タクシーでニナはリリーと一緒にうちに帰った。
酔って気が大きくなったニナはつっかい棒をしてエリカを締め出し、リリーとの性行為にふける。
しかしそれはニナの夢だった。

あやふやになっていく現実と幻影

翌朝、ニナは寝過ごした。レッスンの時間はとっくに過ぎていたがエリカはニナを起こさなかった。昨日のニナの反抗的な態度に腹を立てていたのだ。
急いて劇場に向かうと、リリーが代役として踊っていた。焦りを隠せないニナはリリーと昨晩あったことの答え合わせをする。するとリリーは昨晩はバーであった男と帰っており、ニナのところには泊っておらず、ニナが夢でリリーを求めてしまったことが明るみになってしまった。
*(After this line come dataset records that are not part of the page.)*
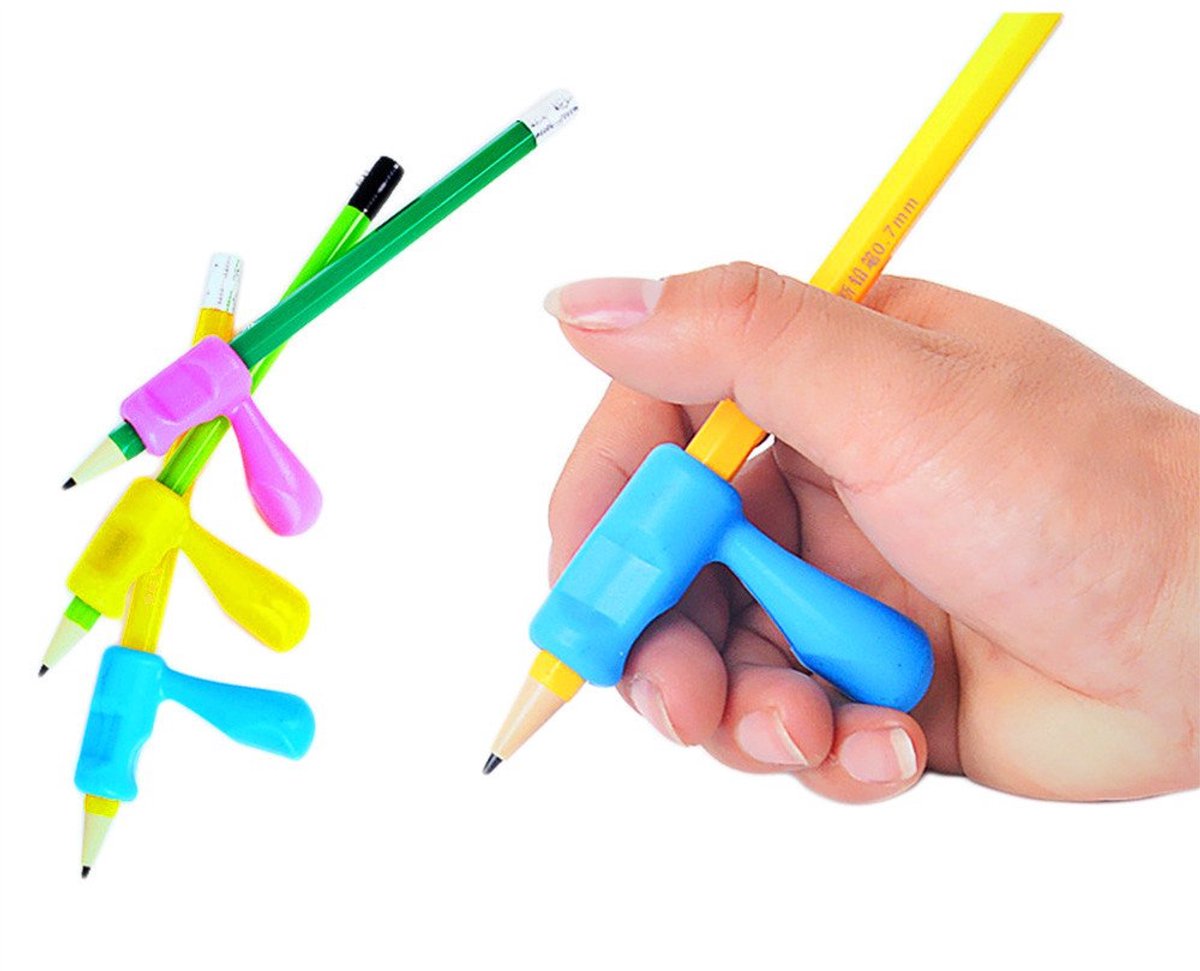 Dailygoods - Set van 3 Vingergeleiders voor Potlood - Ideaal voor Kinderen en Volwassenen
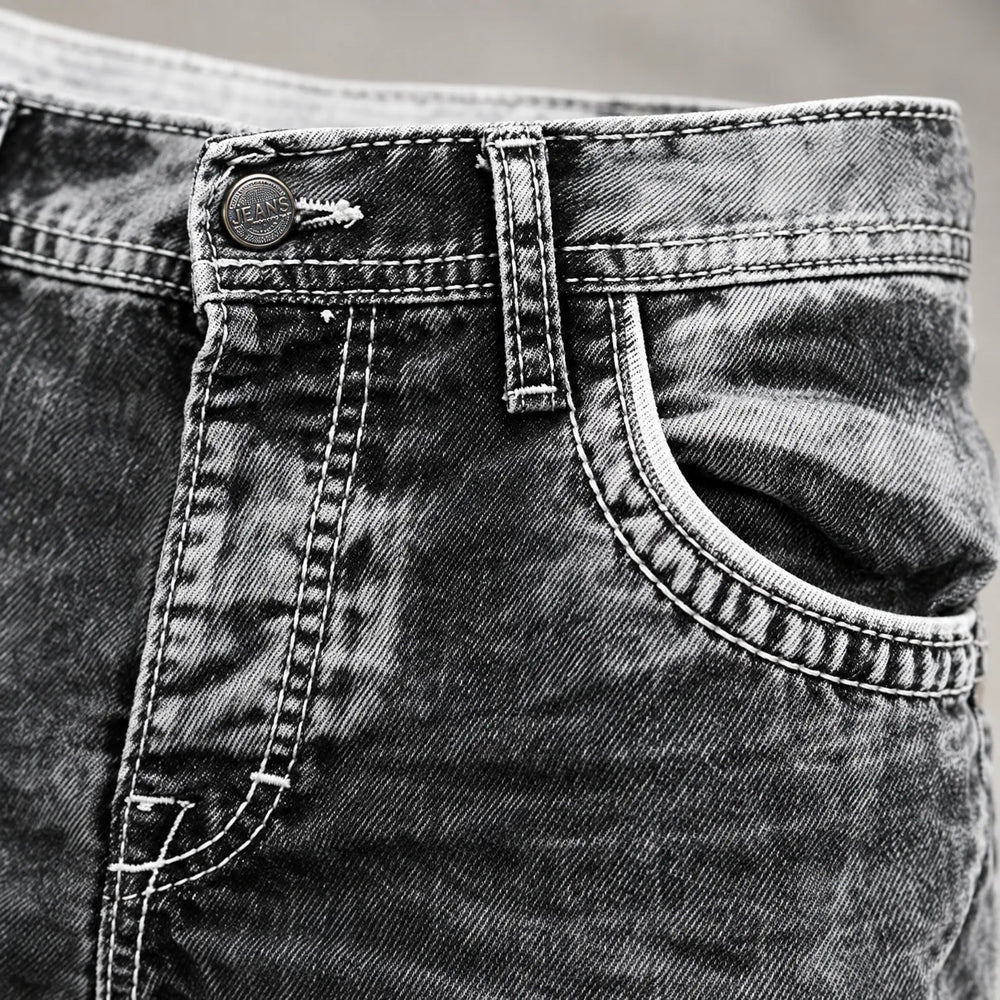 Jeans heren | Straight fit met vintage wassing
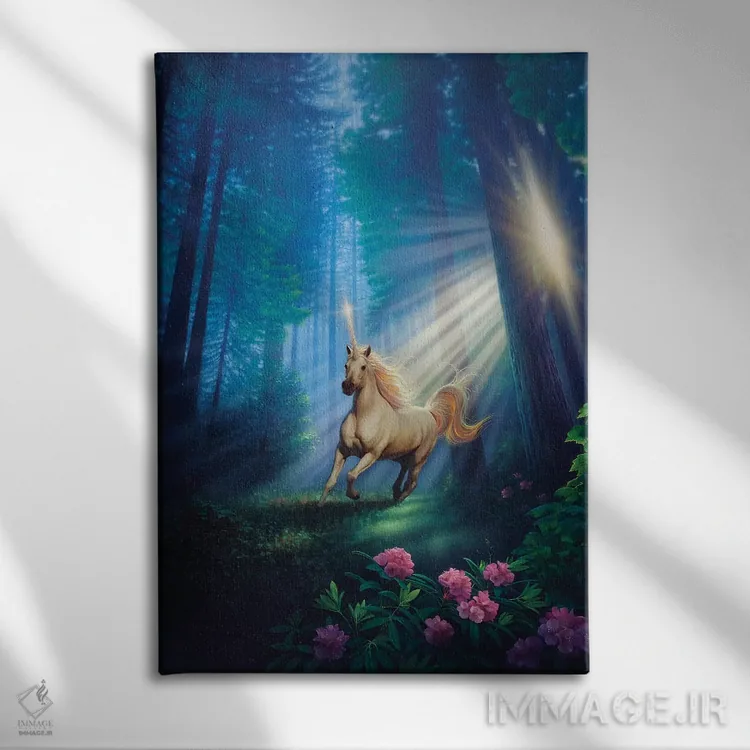 تابلو دکوراتیو جنگل رازآلود اثر کرک راینرت - نمای روبهرو روی دیوار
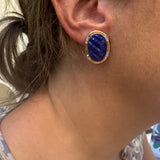 Estate Lapis Earrings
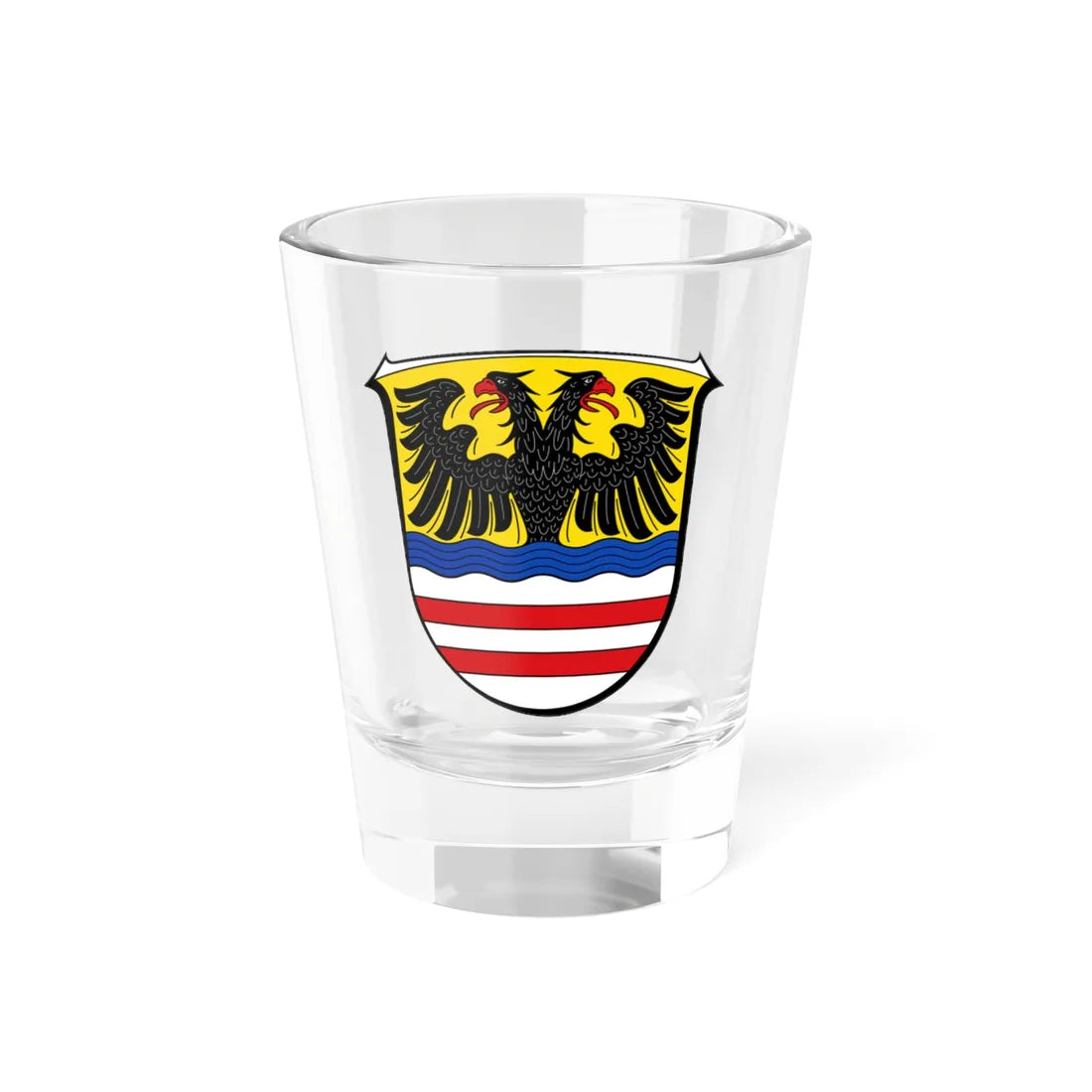 DEU Wetteraukreis COA (Germany) (Coat of Arms) Shot Glass 1.5oz 1.5oz - Go Mug Yourself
性的に解放されたニナの踊りはこれまでとは違いとても魅力的なものになっていた。しかしリリーが代役だということは変わりない。ニナはリリーに役を取られるのではないかという強迫観念におそわれていた。
ニナはトマにリリーを代役から外してほしいと懇願するがはぐらかされる。
公演前日だというのにニナは焦りから稽古場で自主練習をしていた。するといきなり電気が消え、見えかけた人影を追うと、トマとリリーが絡み合うところを目撃してしまう。しかしトマが黒い羽根を纏った姿に変容し、それが現実なのか幻覚なのかわからなくなる。主役を取られるという恐怖にさいなまれ、誰かとそれを共有したいニナは、ベスの病室に盗んだものを返しに行く。
「あなたのように完璧になりたくて」というニナに、ベスは「完璧?私は何も持っていない。クズ」と自分を爪やすりで傷つけ始める。ベスの顔が一瞬エリカの顔に変わったように見え、ニナは怖くなりその場を逃げ出す。
帰宅してもニナの気持ちが落ち着くことはなかった。キッチンに何者かがいるように見えたり、母の部屋の絵が自分を笑っているように見えたりして気分も悪くなり吐いてしまう。異変を感じたエリカが事情を聴こうとするがニナは拒絶し、自分の肩甲骨当たりの傷から黒い羽根が生えてきて黒鳥に変化するという幻覚を見て失神してしまう。

公演日~黒鳥を演じ切る

翌朝、公演初日。ニナが目覚めると側にはエリカがいた。エリカはニナが役に潰されることを何より心配し、劇場に休むという連絡を入れていた。しかしニナはもう役を演じ切ることしか考えておらず、劇場に向かった。
エリカから連絡を受けていたトマはリリーが代役として踊るとニナに告げるが、ニナは聞く耳を持たない。
トマは「君の道をふさぐ者は君自身だ。解き放て」と背中を押し、ニナはリリーに主役を奪われるという幻覚が収まらないまま舞台に立った。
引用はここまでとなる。